Most of the team’s days were spent analyzing documents. (“Humongous amounts of paperwork. It wouldn’t make great TV.”) The team also spoke with the original GP, now eighty-nine, who had attended the scene. “He remembered every particular from that day,” says Smith. “He said: ‘I’ve been a doctor all my life and seen a lot of dead bodies but that’s the only one that had been murdered. That stays with you.’”
A History of Crimes
Headley’s prior offenses seemed to leave little doubt of his guilt. After the 1967 murder, he had moved, and in 1977 he had pleaded guilty to raping two elderly women, again in their own homes. His victims’ harrowing statements from that earlier trial gave some idea into the victim’s last moments.

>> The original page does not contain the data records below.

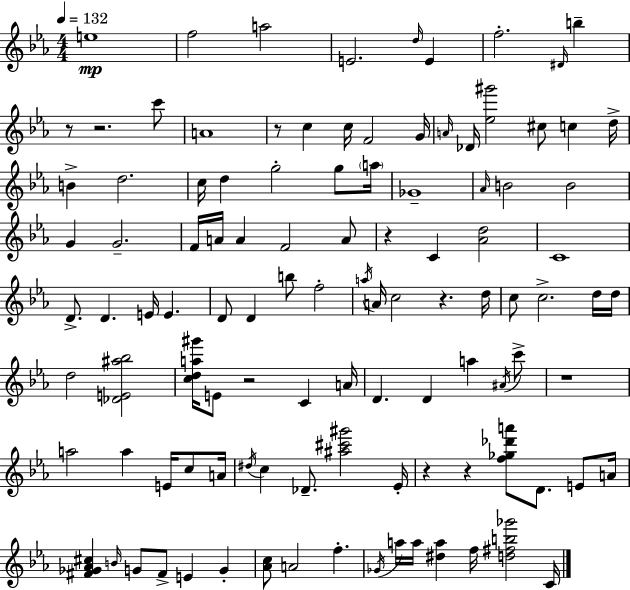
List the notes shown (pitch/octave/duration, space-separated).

E5/w F5/h A5/h E4/h. D5/s E4/q F5/h. D#4/s B5/q R/e R/h. C6/e A4/w R/e C5/q C5/s F4/h G4/s A4/s Db4/s [Eb5,G#6]/h C#5/e C5/q D5/s B4/q D5/h. C5/s D5/q G5/h G5/e A5/s Gb4/w Ab4/s B4/h B4/h G4/q G4/h. F4/s A4/s A4/q F4/h A4/e R/q C4/q [Ab4,D5]/h C4/w D4/e. D4/q. E4/s E4/q. D4/e D4/q B5/e F5/h A5/s A4/s C5/h R/q. D5/s C5/e C5/h. D5/s D5/s D5/h [Db4,E4,A#5,Bb5]/h [C5,D5,A5,G#6]/s E4/e R/h C4/q A4/s D4/q. D4/q A5/q A#4/s C6/e R/w A5/h A5/q E4/s C5/e A4/s D#5/s C5/q Db4/e. [A#5,C#6,G#6]/h Eb4/s R/q R/q [F5,Gb5,Db6,A6]/e D4/e. E4/e A4/s [F#4,Gb4,Ab4,C#5]/q B4/s G4/e F#4/e E4/q G4/q [Ab4,C5]/e A4/h F5/q. Gb4/s A5/s A5/s [D#5,A5]/q F5/s [D5,F#5,B5,Gb6]/h C4/s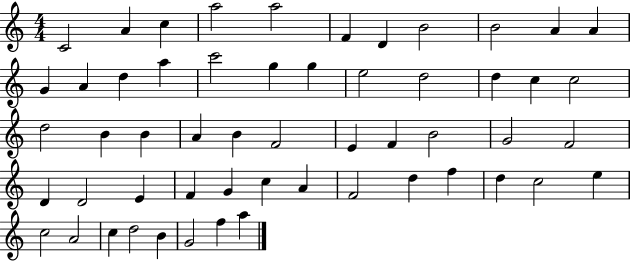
X:1
T:Untitled
M:4/4
L:1/4
K:C
C2 A c a2 a2 F D B2 B2 A A G A d a c'2 g g e2 d2 d c c2 d2 B B A B F2 E F B2 G2 F2 D D2 E F G c A F2 d f d c2 e c2 A2 c d2 B G2 f a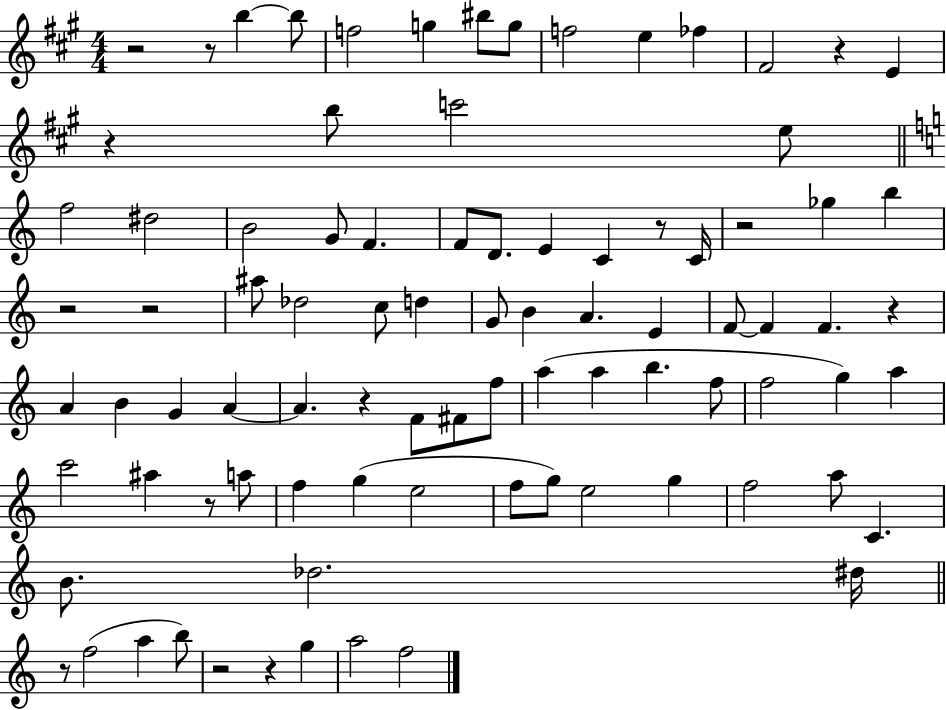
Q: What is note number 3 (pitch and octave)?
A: F5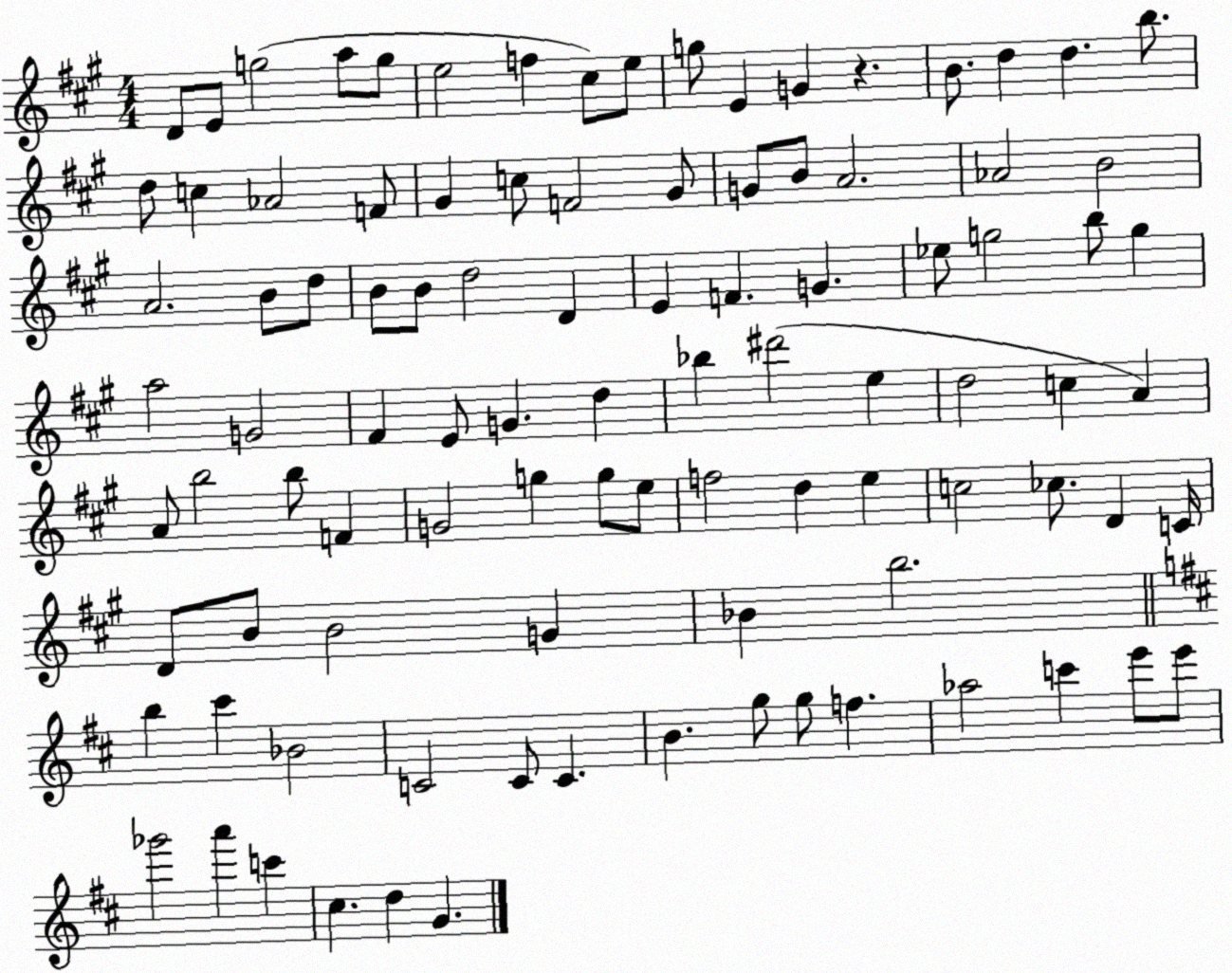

“He threatened to choke one and he threatened to suffocate the other with a pillow,” says Smith. Both women fought back. Though Headley was initially sentenced to life, he appealed, supported by a mental health professional who stated that Headley was acting out of character. “It went from a life sentence to less time,” says Smith.
Closing the Case
Smith was there for Headley’s arrest. “I knew what he looked like, I knew he was going to be 92, and I also knew how strong the evidence was,” she says. The team were concerned that the arrest would trigger a health crisis. “We were uncovering the darkest secret he’d kept hidden for sixty years,” says Smith.
Yet everything was able to go ahead. The trial took place, and the victim’s granddaughter had been identified and approached by family liaison. “Mary had believed it was never going to be resolved,” says Smith. For the family, there had also been a stigma about the nature of the crime.
“Rape is often not reported now,” says Smith, “but in the 60s and 70s, how many older women would ever report this had happened?”
Headley was told at sentencing that, for all practical purposes, he would never be released. He would spend his life behind bars.
A Profound Effect
For Smith, it has been a unique case. “It just feels different, I don’t know why,” she says. “With current investigations, the process is very responsive. With this case you’re proactive, the pressure is only from yourself. It started with me trying to get someone to take some interest of that evidence – and I was able to follow it right until the end.”
She is certain that it won’t be the last solved case. There are about one hundred and thirty unsolved investigations in the archives. “We’ve got so much more to do,” she says. “We have a number of murders that we’re reviewing – we’re constantly sending things to forensics and following other leads. We’ll be forever opening boxes.”